Hiking is one of them. Besides simplifying my life, hiking is what brings everything back to base zero and re-sets the meter. When Chris first mentioned Havasu as a hiking destination, I readily agreed; after all, this is but prelude to the Outer Mountain Loop.

Since hiking in nature is automatically a pleasure, hiking companions strengthen the experience. I always enjoy hiking with my father, brother, and Brian. I haven't hiked with Dave since I was a teenager; it was my first time to hike with Jackson, Andria, and Mason.

Also for this trip, I wanted to try to bring more of my everyday life with me. I read a quote somewhere that going to the back country shouldn't be roughing it - it should be smoothing it.

I quickly learned that it is more practical in theory. While planning my food rations, I wanted to cook some simple meals that I would cook in my own kitchen.

The first meal turned out great - couscous with sun dried tomatoes and dried herbs in pita bread. It was delicious and executed to near perfection. The second meal didn't turn out all. I hiked 10 miles with 6 fresh eggs in my backpack and cooled them in the river not thirty feet from our camp site with the intention of making egg salad sandwiches in the morning. The next morning, Jackson somehow managed to break all six eggs in about 10 seconds.

What follows are pictures and quotations, with one exception, provided by Mr. John Muir, with my observations.


"Everybody needs beauty as well as bread, places to play and pray in, where Nature may heal and cheer and give strength to body and soul alike."

The Blue Hole in Santa Rosa, NM. These are the most pristine waters I have ever visited. 81 feet deep, 61 degrees in temperature, they are also the most brisk waters I have ever visited.




"Wander here a whole summer, if you can. Thousands of God's wild blessings will search you and soak as if you were a sponge, and the big days will go by uncounted."

The Tepees Area of the Painted Desert.

"Above, the bad lands stretch on either hand. This is the region of the Painted Desert, for the marls and soft rocks of which the hills are composed are of many colors - chocolate, red, vermillion, pink, buff, and gray; and the naked hills are carved in fanstastic forms. - John Wesley Powell, The Exploration of the Colorado River and Its Canyons (1875)

The Painted Desert is a marvellously isolated and desolate area. Its beauty is underscored by the petrified remains of the forests that once anchored these lands.

The bad lands show the process of nature's change. Layers of sandstone, clay, siltstone, and hematite highlight the colorful landscape.
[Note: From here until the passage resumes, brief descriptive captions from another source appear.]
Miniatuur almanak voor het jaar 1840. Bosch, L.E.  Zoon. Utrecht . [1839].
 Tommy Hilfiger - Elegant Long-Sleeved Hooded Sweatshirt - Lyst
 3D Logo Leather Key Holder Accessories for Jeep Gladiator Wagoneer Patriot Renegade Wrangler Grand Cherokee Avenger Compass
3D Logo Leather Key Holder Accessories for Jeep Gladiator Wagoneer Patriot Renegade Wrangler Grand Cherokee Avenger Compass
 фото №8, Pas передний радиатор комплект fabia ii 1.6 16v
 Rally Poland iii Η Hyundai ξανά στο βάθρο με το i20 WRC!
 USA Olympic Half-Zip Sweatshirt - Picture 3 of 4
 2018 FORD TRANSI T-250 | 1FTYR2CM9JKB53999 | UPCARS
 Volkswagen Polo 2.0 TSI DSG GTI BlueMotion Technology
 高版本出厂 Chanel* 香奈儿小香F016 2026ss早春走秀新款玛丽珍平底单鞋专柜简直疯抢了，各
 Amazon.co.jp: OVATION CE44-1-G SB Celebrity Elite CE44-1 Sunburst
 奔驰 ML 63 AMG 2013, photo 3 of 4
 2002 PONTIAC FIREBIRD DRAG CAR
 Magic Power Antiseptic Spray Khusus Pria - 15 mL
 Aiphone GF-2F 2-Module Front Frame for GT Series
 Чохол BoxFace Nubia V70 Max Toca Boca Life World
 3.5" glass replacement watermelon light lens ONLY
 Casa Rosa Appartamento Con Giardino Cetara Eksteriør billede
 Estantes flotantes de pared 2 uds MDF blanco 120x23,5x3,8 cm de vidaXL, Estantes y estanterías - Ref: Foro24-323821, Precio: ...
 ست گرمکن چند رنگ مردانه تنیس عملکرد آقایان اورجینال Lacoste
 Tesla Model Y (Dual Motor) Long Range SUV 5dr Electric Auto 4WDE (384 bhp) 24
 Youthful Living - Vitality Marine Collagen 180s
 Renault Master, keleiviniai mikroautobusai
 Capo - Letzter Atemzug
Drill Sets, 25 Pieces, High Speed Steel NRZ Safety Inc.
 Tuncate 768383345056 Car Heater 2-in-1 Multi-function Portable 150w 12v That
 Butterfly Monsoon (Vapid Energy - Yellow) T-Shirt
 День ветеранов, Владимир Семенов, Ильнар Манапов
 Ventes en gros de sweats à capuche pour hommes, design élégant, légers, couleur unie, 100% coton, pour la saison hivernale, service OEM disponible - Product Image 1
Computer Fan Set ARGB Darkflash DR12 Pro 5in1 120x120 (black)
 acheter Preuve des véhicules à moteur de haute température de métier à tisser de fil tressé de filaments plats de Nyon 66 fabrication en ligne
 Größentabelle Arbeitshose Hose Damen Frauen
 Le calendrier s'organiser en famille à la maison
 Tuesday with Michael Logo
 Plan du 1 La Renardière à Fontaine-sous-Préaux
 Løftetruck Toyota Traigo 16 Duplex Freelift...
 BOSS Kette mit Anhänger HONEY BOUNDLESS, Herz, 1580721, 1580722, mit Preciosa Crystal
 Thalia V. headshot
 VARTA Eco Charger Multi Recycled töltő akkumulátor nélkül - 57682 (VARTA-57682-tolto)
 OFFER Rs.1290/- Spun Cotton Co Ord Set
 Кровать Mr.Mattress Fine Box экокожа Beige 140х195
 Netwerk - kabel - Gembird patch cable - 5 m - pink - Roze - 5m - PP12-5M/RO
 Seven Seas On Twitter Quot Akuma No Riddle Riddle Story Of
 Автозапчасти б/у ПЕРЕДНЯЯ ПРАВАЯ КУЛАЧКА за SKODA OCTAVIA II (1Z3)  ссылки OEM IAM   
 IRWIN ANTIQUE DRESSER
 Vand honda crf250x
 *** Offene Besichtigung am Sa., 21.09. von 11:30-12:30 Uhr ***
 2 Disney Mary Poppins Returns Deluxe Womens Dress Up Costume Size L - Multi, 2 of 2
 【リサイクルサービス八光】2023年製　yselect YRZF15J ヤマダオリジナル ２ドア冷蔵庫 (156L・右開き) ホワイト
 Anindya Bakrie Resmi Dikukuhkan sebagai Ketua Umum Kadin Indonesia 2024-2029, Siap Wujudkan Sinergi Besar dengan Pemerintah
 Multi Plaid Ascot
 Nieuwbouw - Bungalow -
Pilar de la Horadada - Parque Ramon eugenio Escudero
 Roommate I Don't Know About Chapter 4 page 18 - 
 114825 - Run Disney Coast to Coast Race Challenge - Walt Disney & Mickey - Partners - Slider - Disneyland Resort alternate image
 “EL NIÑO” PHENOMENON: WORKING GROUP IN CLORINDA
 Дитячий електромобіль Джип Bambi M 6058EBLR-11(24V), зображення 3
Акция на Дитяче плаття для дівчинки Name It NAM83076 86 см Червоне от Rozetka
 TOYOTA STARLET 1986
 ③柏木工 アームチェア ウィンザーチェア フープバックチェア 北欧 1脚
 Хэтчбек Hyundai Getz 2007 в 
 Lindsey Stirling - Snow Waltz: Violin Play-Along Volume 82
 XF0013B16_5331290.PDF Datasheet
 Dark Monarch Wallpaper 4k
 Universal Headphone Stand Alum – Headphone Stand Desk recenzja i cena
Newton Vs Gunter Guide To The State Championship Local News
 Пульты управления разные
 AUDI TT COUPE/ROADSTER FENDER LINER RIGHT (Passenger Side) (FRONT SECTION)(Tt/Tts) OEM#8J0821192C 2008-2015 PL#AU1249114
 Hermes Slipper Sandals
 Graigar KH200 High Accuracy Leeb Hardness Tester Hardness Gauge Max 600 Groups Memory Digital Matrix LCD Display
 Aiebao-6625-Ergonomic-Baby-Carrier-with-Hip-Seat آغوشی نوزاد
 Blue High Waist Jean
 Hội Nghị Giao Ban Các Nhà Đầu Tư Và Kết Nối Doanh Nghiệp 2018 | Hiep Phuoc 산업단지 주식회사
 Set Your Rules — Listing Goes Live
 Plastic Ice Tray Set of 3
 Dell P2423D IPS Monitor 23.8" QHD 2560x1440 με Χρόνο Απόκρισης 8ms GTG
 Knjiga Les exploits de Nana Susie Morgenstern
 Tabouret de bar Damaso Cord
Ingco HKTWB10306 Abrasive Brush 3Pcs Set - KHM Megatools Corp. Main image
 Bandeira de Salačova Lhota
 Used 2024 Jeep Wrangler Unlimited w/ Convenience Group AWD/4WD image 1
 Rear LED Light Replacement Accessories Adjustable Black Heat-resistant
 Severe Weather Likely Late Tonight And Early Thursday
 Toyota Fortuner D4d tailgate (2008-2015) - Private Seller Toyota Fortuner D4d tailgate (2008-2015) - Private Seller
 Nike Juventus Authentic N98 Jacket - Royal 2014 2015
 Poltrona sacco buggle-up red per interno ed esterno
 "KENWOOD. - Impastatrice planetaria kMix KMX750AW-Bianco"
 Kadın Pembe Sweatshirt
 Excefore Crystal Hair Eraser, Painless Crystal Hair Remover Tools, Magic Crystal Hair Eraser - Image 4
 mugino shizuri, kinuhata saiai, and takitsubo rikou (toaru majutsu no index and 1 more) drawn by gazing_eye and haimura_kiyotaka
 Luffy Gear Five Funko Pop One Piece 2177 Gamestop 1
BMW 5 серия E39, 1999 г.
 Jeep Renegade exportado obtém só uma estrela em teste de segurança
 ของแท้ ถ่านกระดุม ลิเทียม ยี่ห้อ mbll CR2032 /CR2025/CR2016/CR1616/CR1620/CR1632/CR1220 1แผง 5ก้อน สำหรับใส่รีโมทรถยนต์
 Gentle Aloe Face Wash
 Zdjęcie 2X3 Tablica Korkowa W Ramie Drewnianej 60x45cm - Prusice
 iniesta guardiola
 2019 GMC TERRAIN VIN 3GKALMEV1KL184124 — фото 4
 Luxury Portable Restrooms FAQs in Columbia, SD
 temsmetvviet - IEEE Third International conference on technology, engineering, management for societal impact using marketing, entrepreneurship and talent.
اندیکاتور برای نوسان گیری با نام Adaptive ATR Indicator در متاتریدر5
"No matter how far you have wandered hither to, or how many famous gorges and valleys you have seen, this one, the Grand Canyon...will seem as novel to you, as unearthly in the color and grandeur and quantity of its architecture, as if you had found it after death, on some other star; so incomparably lovely and grand and supreme is it above all the other canons in our fire molded, earthquake shaken, rain washed, wave washed, river and glacier sculptured world."

This was my first trip to the South Rim of the Grand Canyon. Putting the visual perspective into words is near impossible; pictures reveal about a tenth of what the eye may capture.


"Deserts are charming to those who know how to see them."

My favorite places to hike - forests and deserts - are on opposite ends of the ecological spectrum. While the beauty of a forest is self-evident, it takes a different perspective to enjoy the beauty of a desert.

Time appears to slow down in the desert; life is more fragile and its residents are tougher.

"Every excursion I have made in all my rambling life has been fruitful and delightful from the smallest indefinite saunter an hour or two in length to the noblest summer's flight with steadyaim like a crusader bound for the Holy Land or a bird to its northern home following the flight of the seasons."

The desert goes through its own evolution. Canyons shift and rocks fall. This change disturbs shelters that took generations to form and creates new shelters for several more generations. The boulders that fall from the cliffs are not diminutive; many are the size of the kitchen in our house.

Every human, no matter what his wild disposition, would find his own way, if only he looked for it....Somewhere, if he wandered freely enough, he would enter the flow and begin to take his strength from the fountains."

Havasu Falls, 2 miles from the town of Supai, AZ and 10 miles from the trailhead. The falls drop 120 feet and create its own wind system to keep the swimming area cool on the hottest of days.